Dziekan dekanatu przasnyskiego ks. kan. Franciszek Różański wyraził ogromną radość z przybycia tak wielu młodych ludzi. Nawiązując do haseł, jakie towarzyszyły Światowym Dniom Młodzieży w Kolonii Ksiądz Dziekan powiedział: „Przyszliśmy oddać Mu pokłon. Najpierw złożyć pokłon Jezusowi a potem św. Stanisławowi Kostce. Niech pobyt w Przasnyszu i Rostkowie, modlitwa i ta pielgrzymka ubogaci nas, byśmy wracali do domów, do szkół jako wierni przyjaciele Jezusa i naśladowcy św. Stanisława”.
Biskupa Romana oraz wszystkich pielgrzymów powitał również ks. kan. Janusz Kochański, dyrektor Wydziału Duszpasterskiego Kurii Diecezjalnej, który - jak co roku - czuwał nad sprawną organizacją i przygotowaniem całej uroczystości. Ksiądz Dyrektor podarował Biskupowi Romanowi identyfikator pielgrzyma (taki, jakie otrzymała młodzież), zawieszony na pasku z napisem „Pokolenie JPII”. Na odwrocie identyfikatora znalazła się modlitwa o beatyfikację Jana Pawła II.
W homilii Ksiądz Biskup podkreślał, że każdy człowiek, nawet ten najmłodszy zawsze powinien mieć swoje zdanie, a nie bezmyślnie naśladować innych. Biskup Roman zaznaczył, że powinniśmy mieć odwagę, by publicznie świadczyć o naszej wierze.
Ksiądz Biskup obrazowo wyjaśniał młodym prawdy wiary. Posługując się młodzieżowymi koszulkami (widniały na nich różne kontrowersyjne hasła) - takimi, jakie można dostać niemal w każdym sklepie, mówił: „Dlaczego ja te koszulki wam pokazuję? - Bo jacyś ludzie chcą przez te koszulki oddziaływać na człowieka. Chcą, żeby człowiek to, co tu jest napisane przyjął za swoje, żeby się z tym utożsamiał, żeby taki był. A czy te napisy służą wychowaniu człowieka, czy uczą czegoś mądrego, szlachetnego? Chcę wam powiedzieć, że moim zdaniem, jeśli ktoś kupuje takie koszulki, chodzi w nich, jest takim słupem ogłoszeniowym. Bo taki słup jest martwy, nie krzyczy, nie buntuje się, wszystko przyjmuje”.

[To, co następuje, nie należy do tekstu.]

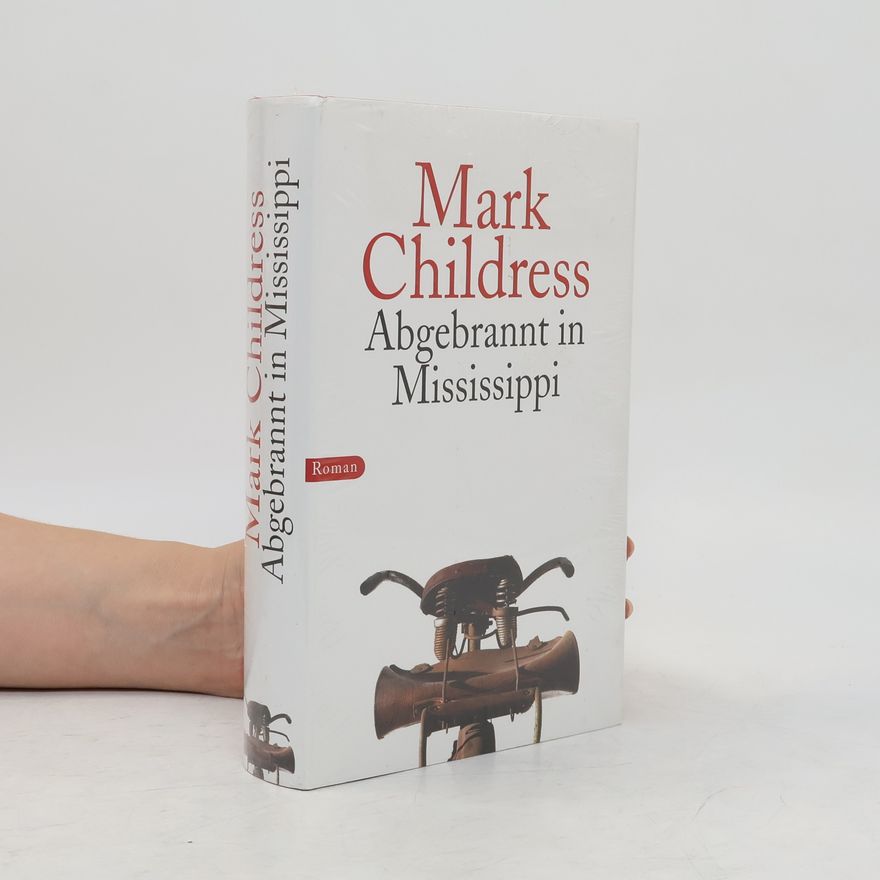 Mark Childress Abgebrannt in Mississippi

Na zakończenie homilii Ksiądz Biskup wskazał jednego z ministrantów ubranego w koszulkę z hasłem św. Stanisława Kostki: „Do wyższych rzeczy jestem stworzony”. „Każdy młody chrześcijanin może tę koszulkę nie tylko śmiało nosić, ale także powinien - tak jak św. Stanisław - według takich słów żyć” - mówił Ksiądz Biskup.
Po Mszy św. w 16 grupach młodzi ze śpiewem na ustach przeszli do Rostkowa, miejsca urodzenia św. Stanisława.

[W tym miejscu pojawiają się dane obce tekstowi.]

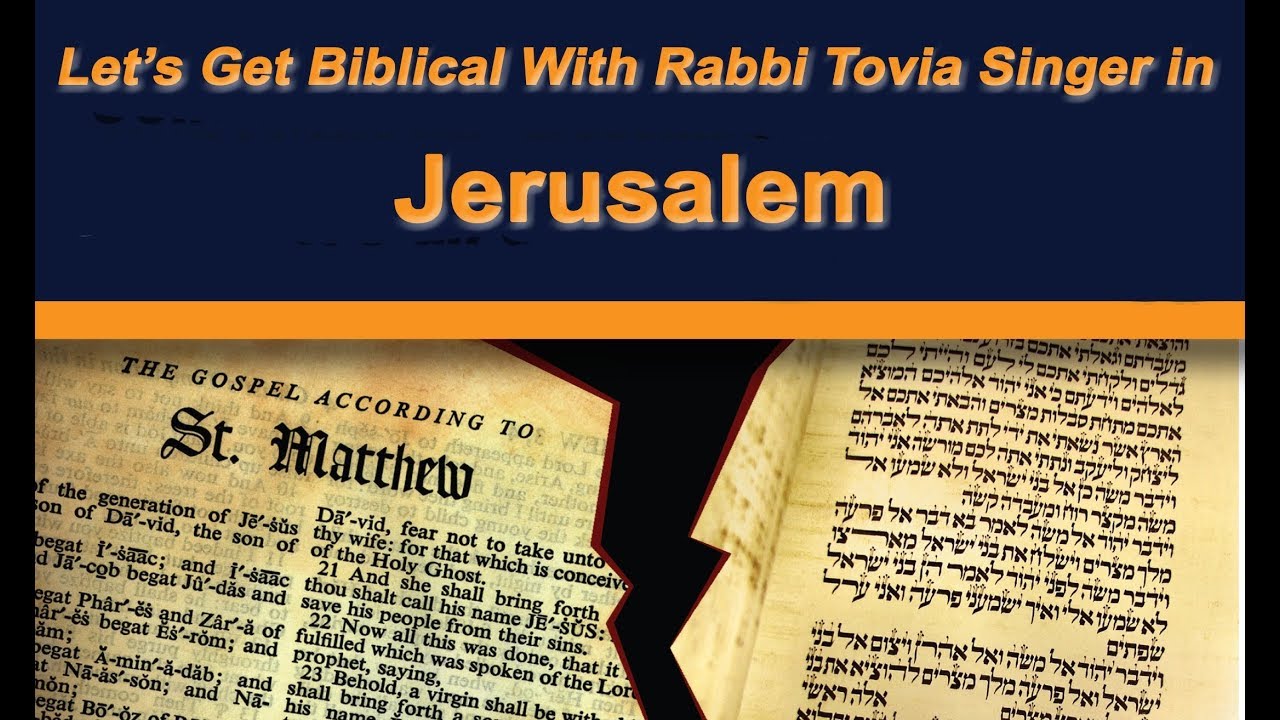 Part 1 Rabbi Tovia Singer  - Let's Get Biblical - Jesus was a Jew, but can a Jew be for Jesus?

Chęć zabawy nie opuszczała pielgrzymów. Tylko nieliczni, najbardziej utrudzeni gorącem i przebytą drogą chowali się w cieniu drzew. Przybywających pielgrzymów witał klerycki zespół „Hodos”, który jak co roku swoim śpiewem i muzyką porywał nie tylko do czynnego włączania się w śpiew, lecz nawet do tańca.
Równie radośnie został przywitany tegoroczny gość - zespół z Wrocławia „40 i 30 na 70”, któremu szybko udało się porwać młodych do zabawy. Na zakończenie koncertu, który sądząc po dobrze bawiącej się młodzieży, bardzo się podobał, członkowie wrocławskiego zespołu rozdawali wielu chętnym autografy.